In Austrian economics, the theory of imputation refers to the idea that prices of the factors of production are determined, to a large extent, by the value that consumers perceive the final good or service to have, where this value then "filters backwards" to determine the price of the factors of production.

For example, the price that consumers are willing to pay for bread determines, in turn, the prices of the factors of bread production, such as the raw ingredients and the labor of the baker.

My question then is: Where does the limiting factor lie? What I mean is, what gives the consumers the ability to pay for the bread in the first place, and what determines (in a macro way) the maximum amount that they are able to pay?

For example, is the produce of the agricultural sector the ultimate limiting factor? If the price of staple foods skyrockets, then consumers would be constrained to pay less for bread (assuming that bread is not one of those staples) and everything else? I guess what I'm trying to get at is where in the economy does value ultimately originate? I could be wrong, but it seems like everything else in economics is a rearrangement of that initial, original value.

Another, better example:

Consider a two-product economy in an island, consisting of fish and coconuts.
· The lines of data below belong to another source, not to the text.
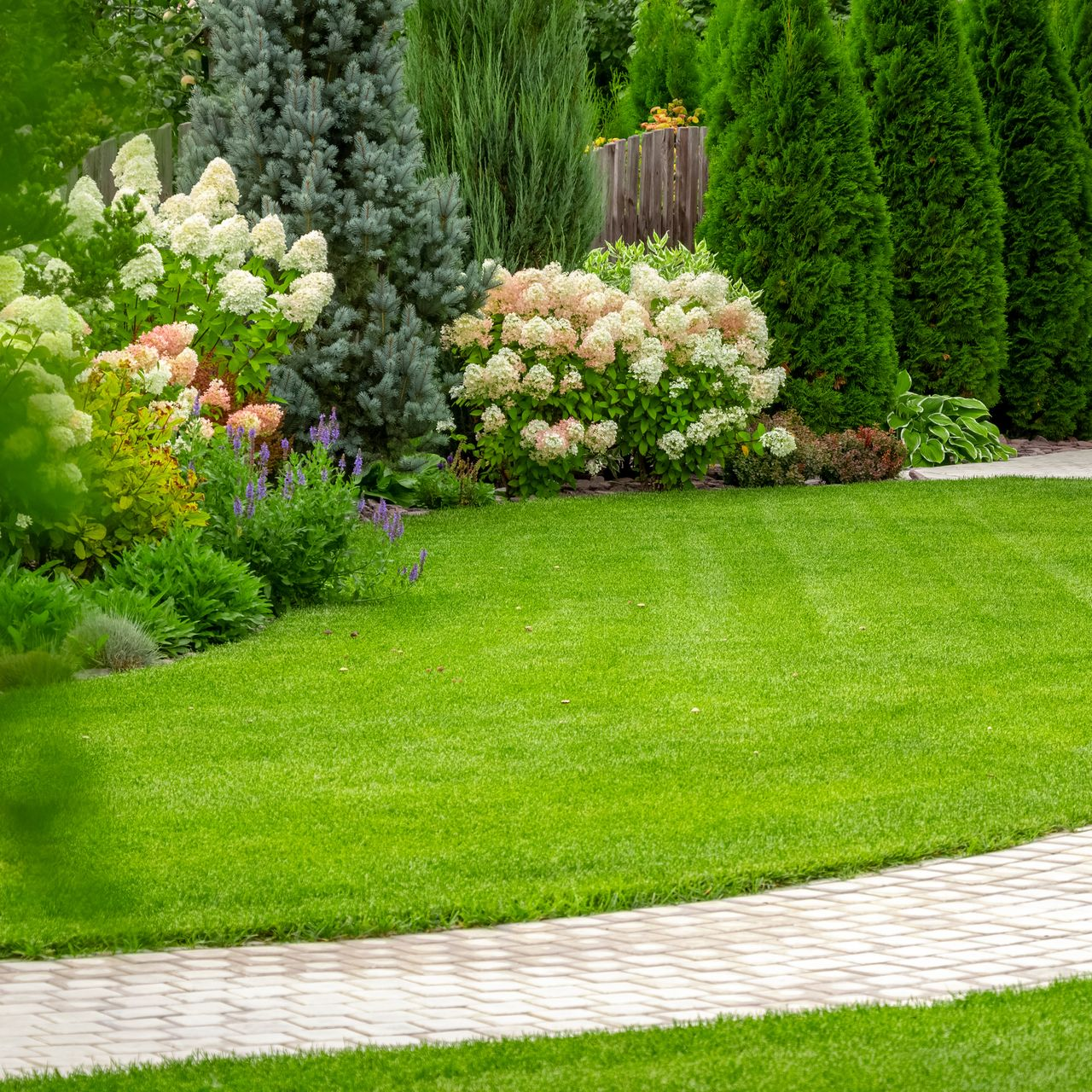 Jardin paysager avec arbres, arbustes et parterres fleuris
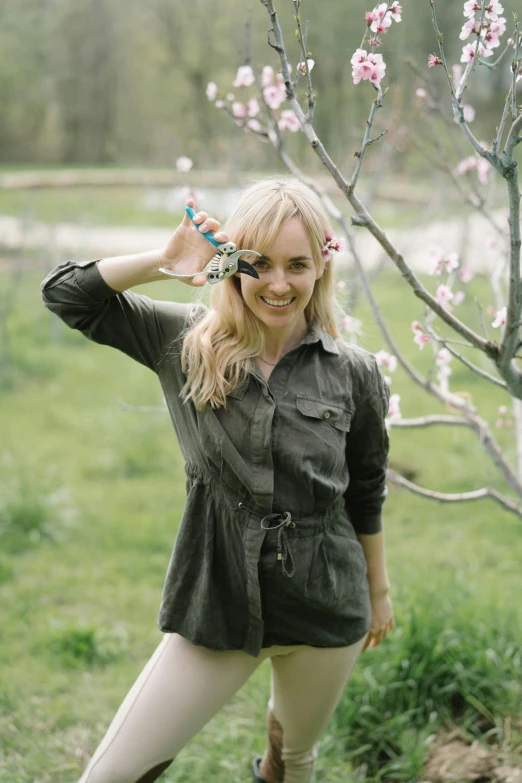 a woman standing next to a tree in a field, holding magical kitchen knives, evanna lynch, in bloom greenhouse, anna nikonova aka newmilky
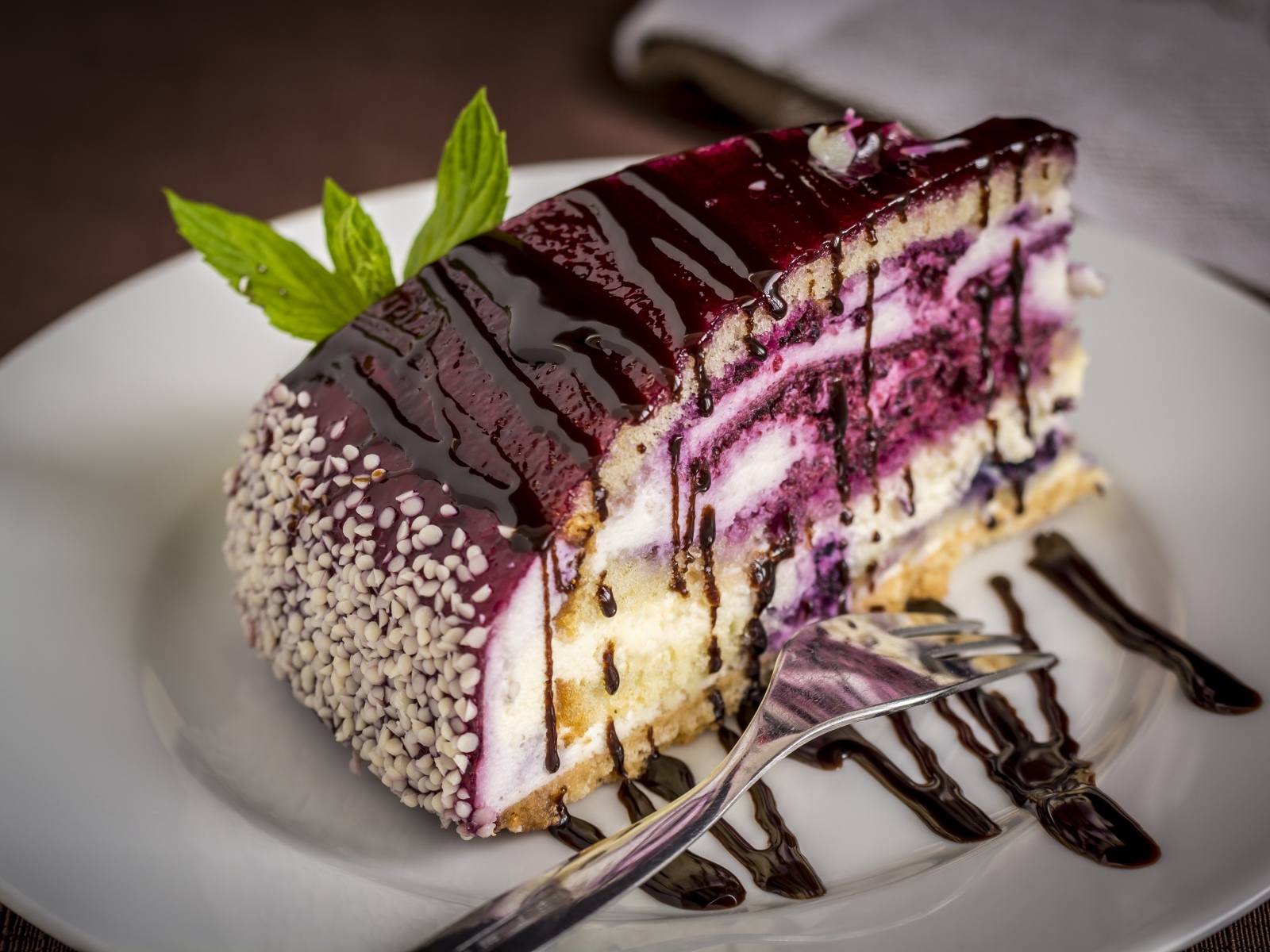 Кусок черничного пирога с джемом на белой тарелке с вилкой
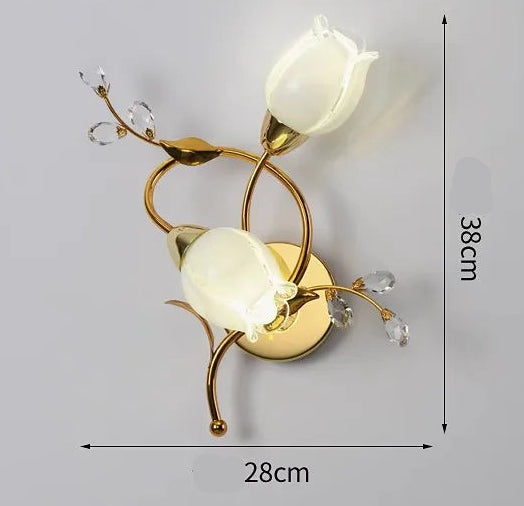 Decorative wall light fixture with floral design on a gray background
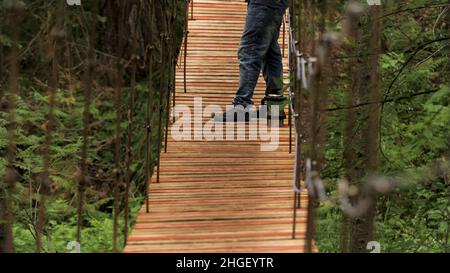 Vue latérale d'un homme se tenant sur le pont suspendu en bois et fumant un tuyau tout en regardant au loin.Randonneur ayant un repos et appréciant l'été FO Banque D'Images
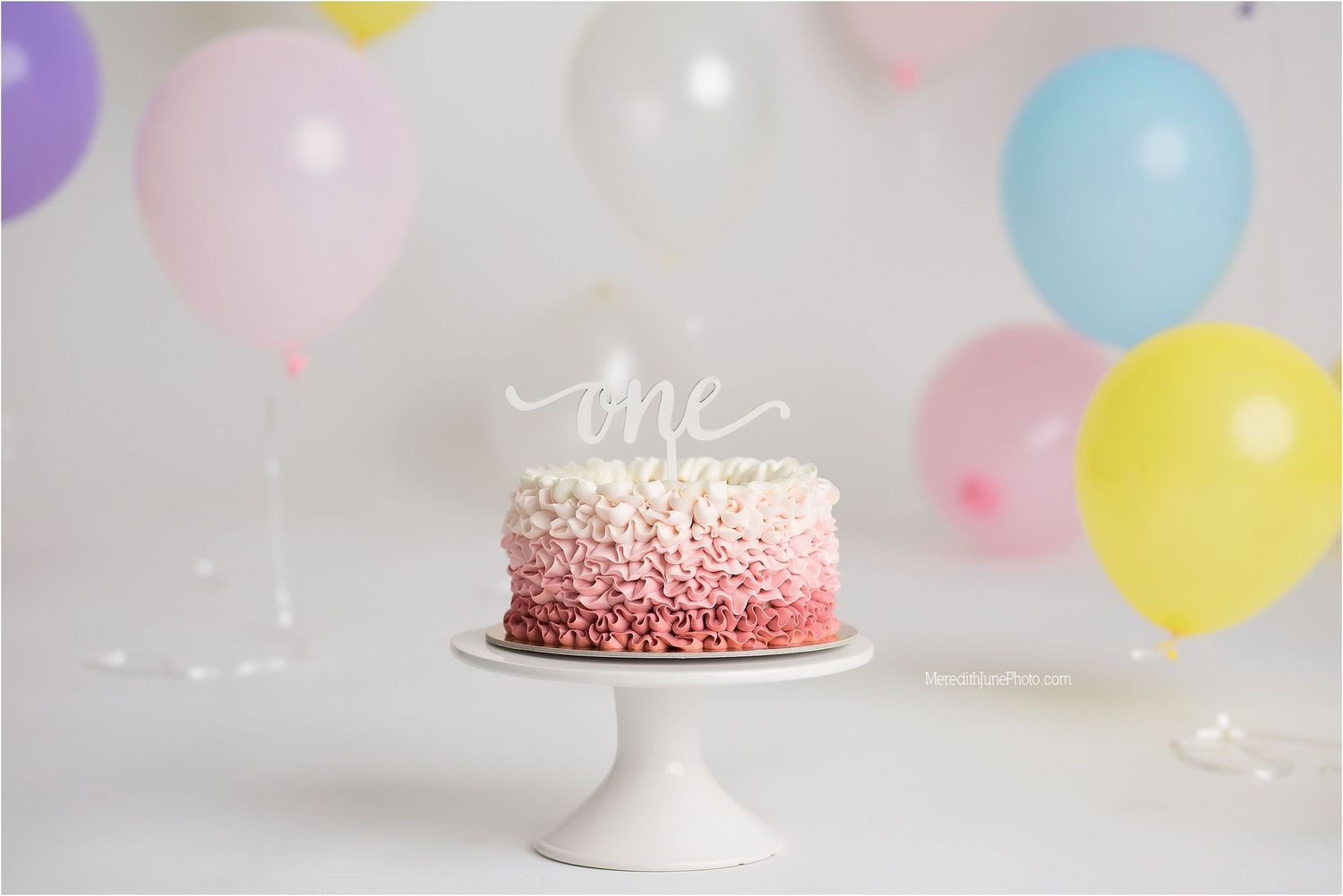 Pink and white sprinkled birthday cake on pedestal with colorful balloons in soft pastel background.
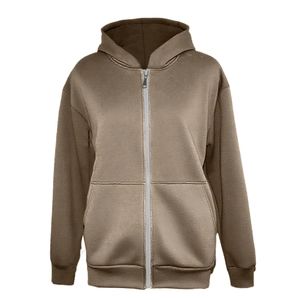 Detail of heavyweight brown zip-up hoodie showing fleece lining and pocket texture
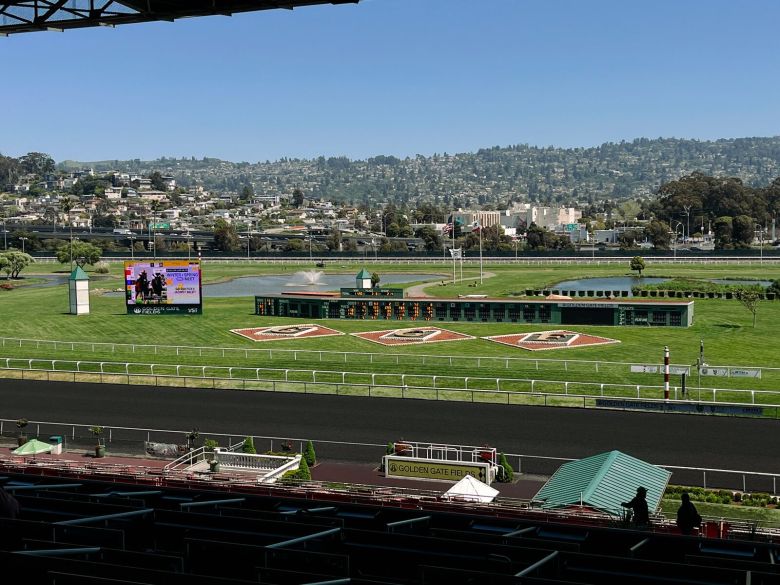 A view of a horse racing track from a grandstand seat, looking out onto a green infield and byond that to the East Bay Hills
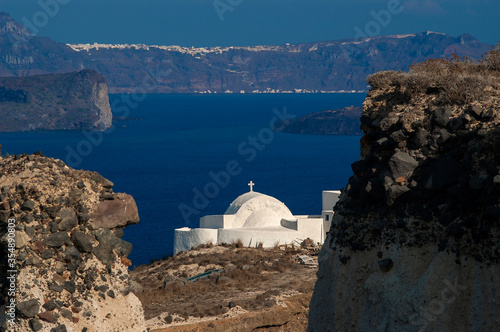 typical white church in santorini. in the background you can see the villages at the top of the cliffs of the island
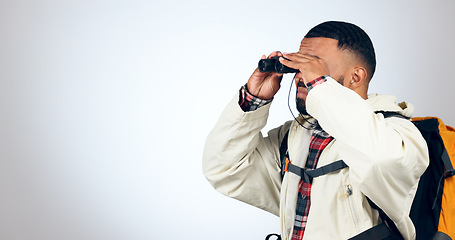 Image showing Man, binoculars and backpack in studio with mockup space and safari from travel and freedom with adventure. Camping, fitness and grey background and walking with trekking holiday gear for vacation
Assume that fish is essential for survival while coconuts are a non-essential, and therefore a luxury. Let's suppose Jack is good at fishing and gathers more fish than he needs while Jill gathers coconuts and has a surplus as well. For Jill, fish is essential. Let's say she exchanges 10 coconuts for one fish. Despite the fact that she has some bargaining power, ultimately, every economic activity on that island is fundamentally dependent on fish. Therefore, it looks as if the number of fish caught is the limiting factor in that economy. It is only when there is a surplus of fish caught by Jack that this surplus can get re-arranged in other areas.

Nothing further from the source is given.